A Narrativa desta sexta feira é assinada pelo escritor e professor de literatura Maicon Tenfen, autor da bem-sucedida série QUISSAMA (Biruta), cujo novo romance, ainda inédito, reconstrói ficcionalmente a biografia do poeta maldito Álvares de Azevedo, a partir da perspectiva do próprio. O trecho aqui publicado é a terceira das cartas que integram O MANUSCRITO, título do romance.
Maicon Tenfen
27 de setembro de 1886
Ilustríssimo Sr. B. L. Garnier:
Perdão por escrever com um dia de antecedência.

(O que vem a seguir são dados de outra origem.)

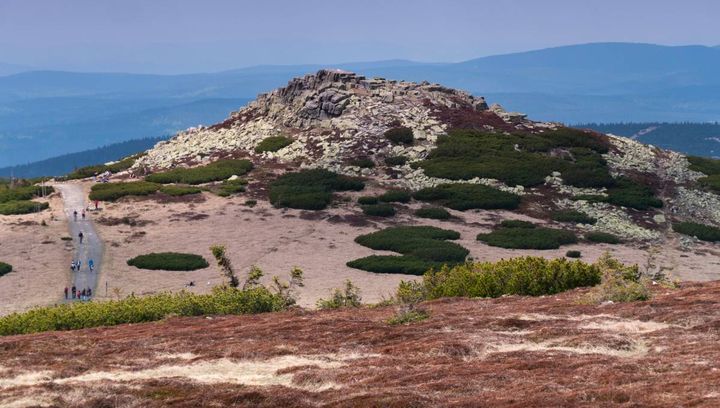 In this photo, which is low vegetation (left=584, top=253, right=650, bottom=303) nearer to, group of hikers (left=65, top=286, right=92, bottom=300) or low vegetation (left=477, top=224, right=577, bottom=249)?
group of hikers (left=65, top=286, right=92, bottom=300)

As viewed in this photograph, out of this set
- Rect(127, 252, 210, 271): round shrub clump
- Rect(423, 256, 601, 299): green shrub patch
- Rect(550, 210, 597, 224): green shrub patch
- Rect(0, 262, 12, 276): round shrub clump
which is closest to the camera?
Rect(423, 256, 601, 299): green shrub patch

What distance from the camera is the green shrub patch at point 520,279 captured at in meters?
39.0

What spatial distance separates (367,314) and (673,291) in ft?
39.9

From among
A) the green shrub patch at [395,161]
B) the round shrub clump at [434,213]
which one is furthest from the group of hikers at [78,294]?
the green shrub patch at [395,161]

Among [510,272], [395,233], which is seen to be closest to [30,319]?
[510,272]

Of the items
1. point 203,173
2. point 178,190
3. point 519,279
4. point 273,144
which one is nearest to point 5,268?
point 178,190

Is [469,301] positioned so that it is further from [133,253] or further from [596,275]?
[133,253]

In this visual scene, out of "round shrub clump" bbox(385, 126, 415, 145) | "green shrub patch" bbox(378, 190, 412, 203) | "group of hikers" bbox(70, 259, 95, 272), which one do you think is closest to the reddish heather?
"group of hikers" bbox(70, 259, 95, 272)

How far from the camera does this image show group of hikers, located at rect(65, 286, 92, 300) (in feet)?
170

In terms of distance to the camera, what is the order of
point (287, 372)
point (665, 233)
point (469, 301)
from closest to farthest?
point (287, 372)
point (469, 301)
point (665, 233)

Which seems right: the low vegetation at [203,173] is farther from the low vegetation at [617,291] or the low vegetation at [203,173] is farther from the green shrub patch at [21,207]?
the low vegetation at [617,291]

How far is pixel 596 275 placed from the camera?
40312 millimetres

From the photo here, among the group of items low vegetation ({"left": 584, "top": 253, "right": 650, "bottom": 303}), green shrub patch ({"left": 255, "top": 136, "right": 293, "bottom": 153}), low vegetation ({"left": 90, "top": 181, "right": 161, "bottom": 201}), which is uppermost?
low vegetation ({"left": 584, "top": 253, "right": 650, "bottom": 303})

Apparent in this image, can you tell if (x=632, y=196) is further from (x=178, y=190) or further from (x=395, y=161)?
(x=178, y=190)
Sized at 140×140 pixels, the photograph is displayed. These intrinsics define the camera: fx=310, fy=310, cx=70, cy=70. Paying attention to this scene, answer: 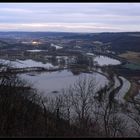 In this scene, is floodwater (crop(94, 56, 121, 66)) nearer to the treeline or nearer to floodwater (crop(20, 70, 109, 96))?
floodwater (crop(20, 70, 109, 96))

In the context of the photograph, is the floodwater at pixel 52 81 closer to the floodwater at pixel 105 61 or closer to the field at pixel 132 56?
the floodwater at pixel 105 61

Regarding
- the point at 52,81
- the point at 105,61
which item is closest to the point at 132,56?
the point at 105,61

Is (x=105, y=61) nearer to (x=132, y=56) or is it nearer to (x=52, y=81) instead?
(x=132, y=56)

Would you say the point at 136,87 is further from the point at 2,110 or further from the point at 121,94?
the point at 2,110

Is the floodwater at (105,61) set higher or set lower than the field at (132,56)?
lower

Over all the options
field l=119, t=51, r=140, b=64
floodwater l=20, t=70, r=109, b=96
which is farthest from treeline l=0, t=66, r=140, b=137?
field l=119, t=51, r=140, b=64

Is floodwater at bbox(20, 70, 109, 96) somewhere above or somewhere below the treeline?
below

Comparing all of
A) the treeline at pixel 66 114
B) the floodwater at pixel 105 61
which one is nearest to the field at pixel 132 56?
the floodwater at pixel 105 61

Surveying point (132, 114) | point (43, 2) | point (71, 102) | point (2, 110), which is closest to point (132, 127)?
point (132, 114)
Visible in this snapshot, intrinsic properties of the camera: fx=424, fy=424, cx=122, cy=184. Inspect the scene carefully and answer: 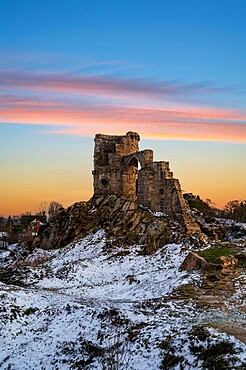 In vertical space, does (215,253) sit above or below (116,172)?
below

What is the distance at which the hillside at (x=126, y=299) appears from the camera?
11.7 meters

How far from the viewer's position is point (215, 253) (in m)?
21.8

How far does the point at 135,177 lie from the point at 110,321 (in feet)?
71.6

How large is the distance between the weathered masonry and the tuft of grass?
4.88 metres

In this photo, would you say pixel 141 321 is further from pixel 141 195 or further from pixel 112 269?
pixel 141 195

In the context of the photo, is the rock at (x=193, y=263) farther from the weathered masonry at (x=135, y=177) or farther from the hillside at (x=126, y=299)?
the weathered masonry at (x=135, y=177)

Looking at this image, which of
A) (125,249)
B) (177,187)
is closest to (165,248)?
(125,249)

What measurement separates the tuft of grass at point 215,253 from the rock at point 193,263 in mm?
516

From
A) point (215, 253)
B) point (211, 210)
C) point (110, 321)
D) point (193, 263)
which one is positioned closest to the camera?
point (110, 321)

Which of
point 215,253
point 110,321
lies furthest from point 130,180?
point 110,321

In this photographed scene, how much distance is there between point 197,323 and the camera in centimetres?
1295

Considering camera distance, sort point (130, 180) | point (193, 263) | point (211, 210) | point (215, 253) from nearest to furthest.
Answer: point (193, 263)
point (215, 253)
point (130, 180)
point (211, 210)

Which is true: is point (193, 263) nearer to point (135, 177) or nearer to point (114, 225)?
point (114, 225)

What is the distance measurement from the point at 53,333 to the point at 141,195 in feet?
58.7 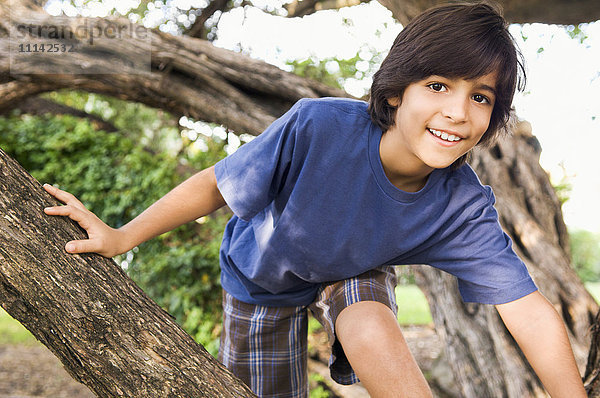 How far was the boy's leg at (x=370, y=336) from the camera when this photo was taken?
4.57 feet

Não que eu me sinta ansioso para saber o que o senhor está achando do manuscrito, não se trata disso. Tampouco me preocupa se ainda pensa que sou um impostor. Mesmo que fosse — mas não sou, e apresentarei as provas no momento propício —, ambos concordamos que o senhor possui um verdadeiro tesouro nas mãos. Até no canhestro mundinho literário em que vivemos, com um pequeno percentual de brasileiros alfabetizados e, entre eles, uma risível minoria interessada em leitura, é certo que um novo livro de Álvares de Azevedo trará dividendos à caixinha da Livraria Garnier.
Estou escrevendo, isso sim, porque eu mesmo comecei a sentir falta de certas complementações no manuscrito. Ao relembrar algumas das passagens que lancei no papel, percebo que os meus amigos de São Paulo simplesmente desapareceram do relato. A lacuna me parece má, motivo pelo qual iniciei a redação de um pequeno epílogo. Gostaria de ouvir sua opinião sobre a conveniência de acrescentar esse adendo ao livro. A rigor, nunca mais tive contato com nenhum colega da faculdade, mas ocorre que, por acaso ou determinação do destino, encontrei dois dos meus antigos camaradas: José de Alencar, cuja conversa registrei em alguma parte do manuscrito, e Bernardo Guimarães, que visitei no leito de morte.
Há cerca de dois anos, quando regressei ao Brasil, fiz questão de ler tudo que havia de mais relevante no cenário nacional, ou seja, tudo que é publicado pela Garnier. O senhor e eu já estivemos frente a frente, na livraria da Rua do Ouvidor, e trocamos algumas palavras sobre um livro que eu desejava adquirir: Rosaura, a enjeitada — veja o nome da personagem-título! —, o último romance do Bernardo. Normalmente sou atendido por um dos caixeiros, mas naquela manhã, sabe-se lá por quê, o senhor estava trabalhando no balcão. Desmanchou-se em elogios sobre “um dos nossos maiores prosadores, que mora longe, coitado, em Ouro Preto, mas participa da vida na Corte através dos artigos que envia ao Jornal do Comércio e dos volumes que publica por nossa modesta casa editorial”.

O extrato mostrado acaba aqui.